During our call, Searle explained how Housing Social works very clearly: "Say you're a landlord, you're renting the property out, you've got the management to deal with, you've got issue with rent arrears, the tenants might not pay,” he said. “So the model is, rather than someone renting out the house privately, they can give us the property. We then give it to Manchester City Council, it helps the council's homelessness problem and the landlord doesn't have to worry about rent collection, because every week we get the rent from the council."
It’s clearly a very good business model, and there’s no doubt that HSPG/Housing Social is providing the council with a lot of what it wants. But I was struck by the phrase “rather than someone renting out the house privately, they can give us the property”. It seems like an admission of something important, albeit obvious: that if these properties weren’t being used for TA, many of them would be rented out in the private rented sector. Where, as we know from fast-rising rents, decent homes are in great demand. In fact, when we spoke to David Ashmore, the council’s Director of Housing Operations, earlier this year, he specifically cited lack of housing supply as one of the drivers of homelessness in the city.
Searle was very clear that his company would never help a landlord to evict a tenant (“That would be creating homelessness”), but I asked him again: does he worry that the Housing Social model might create some perverse incentives? “If we found out a landlord was evicting someone to then give us the property, we wouldn't take it because we're about alleviating homelessness and that's creating homelessness,” he told me. “And the council have the same policy. Otherwise there's a vicious circle where someone could be evicted from the house and then end up in the same house through Temporary Accommodation, which is what nobody wants.”
To be clear, we have not unearthed evidence that the almost comically dystopian scenario outlined by Searle is actually happening: tenants being evicted and becoming homeless only to be offered the same property by the council as TA. And there’s no suggestion that HSPG is breaking any rules or even that it is particularly unusual. It seems from our reporting that a cluster of companies are operating on the same model in Manchester, it was just easier to find HSPG because they have a fancy website that explains show the company works and because they do a lot of PR.
‘Hopefully you can get them out’
When we called Housing Social posing as a landlord in May, we were given a different impression. "I can help out, but it's an unofficial: 'we will assist you with it'" the staff member said when we asked about removing an existing tenant. According to HSPG’s website, that staff member is “responsible for managing the Housing Social department.” His first question was whether we had any issues with the tenants, like bad behaviour or damage, to which we answered that we had experienced a range of issues.

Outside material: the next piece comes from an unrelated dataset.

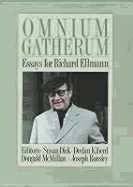 Omnium Gatherum: Essays in Honour of Richard Ellmann - Dick, Susan (Editor)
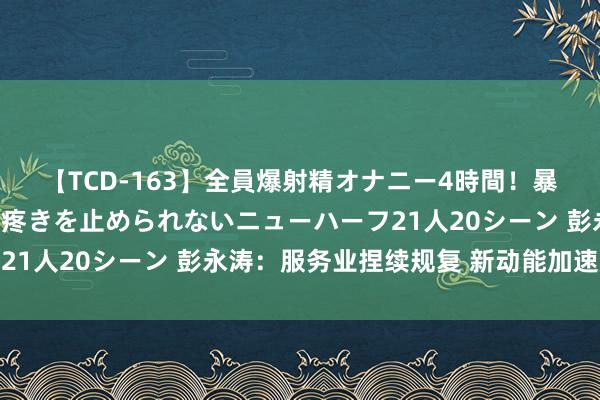 【TCD-163】全員爆射精オナニー4時間！暴発寸前！！ペニクリの疼きを止められないニューハーフ21人20シーン 彭永涛：服务业捏续规复 新动能加速成长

“We can assist with it. We can guide you on that process,” the staff member said when we returned to the question of emptying the property. “Hopefully you can get them out, and when it's vacant we can onboard the property very very quickly,” they later added.
When we told HSPG about this exchange yesterday, a spokesperson said: “As a company founded with the goal of helping everyone have access to a comfortable and safe home, this practice would be entirely at odds with our team’s approach, mission and values. It is not reflective of our policy and we do not authorise or tolerate this practice.”

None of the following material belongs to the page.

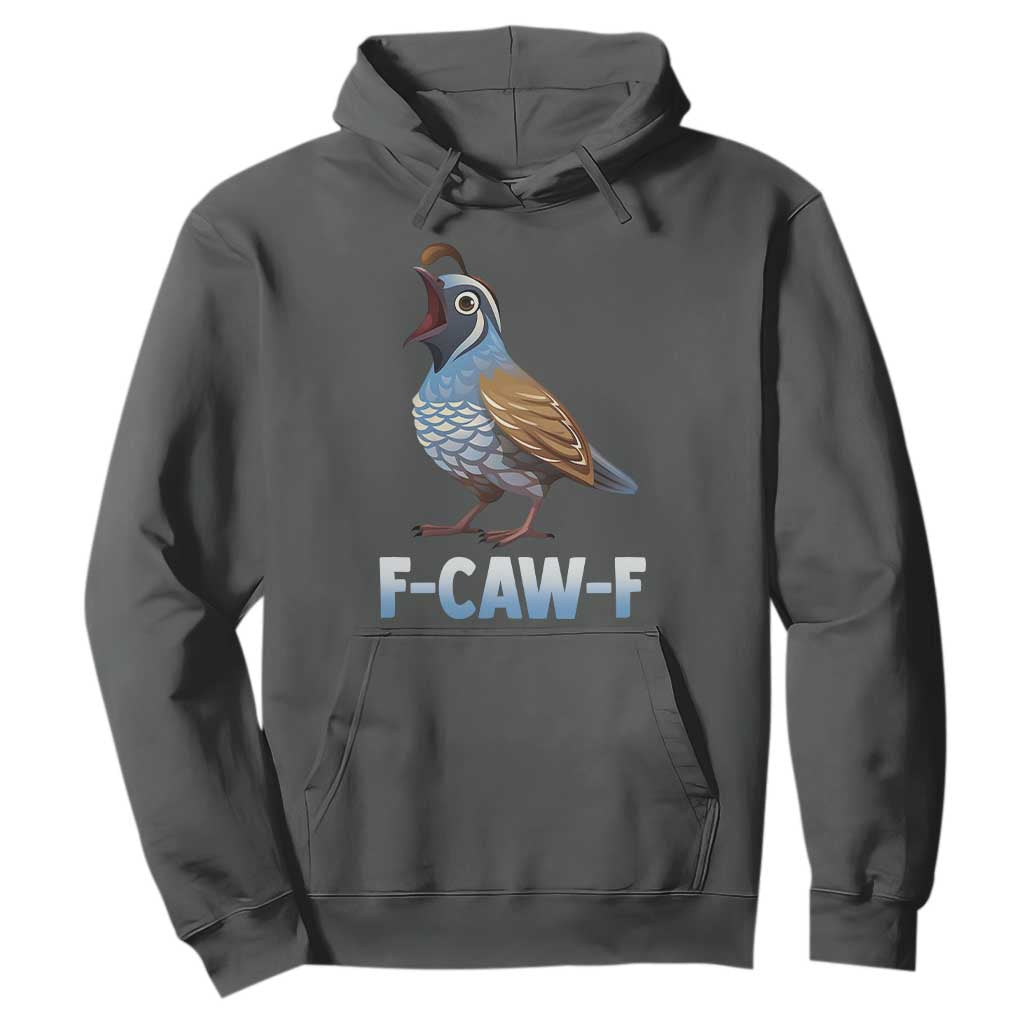 Funny F Caw F Quail Hoodie Cartoon Quail Bird Poultry Humor TS11 Dark Heather Print Your Wear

A Manchester City Council spokesperson said: “We are not aware of the allegations made against the named property management companies. We would never knowingly accept properties where a non-fault eviction has taken place. The Council does not condone or support any type of non-fault eviction and we will be contacting the companies to discuss these serious allegations further.”
The council also told us that all the providers they work with are made aware that it is not acceptable to offer properties as TA if they have been the subject of no-fault evictions. They said that in light of our allegations, they are looking at including further checks on applications where such evictions have taken place.
The statement from the council was also a response to allegations we raised about another company we spoke to for this story — one that seems to operate a similar model but with much less fanfare. It has a very basic website, where clicking on the “Our services” and “Meet the team” links doesn’t lead anywhere.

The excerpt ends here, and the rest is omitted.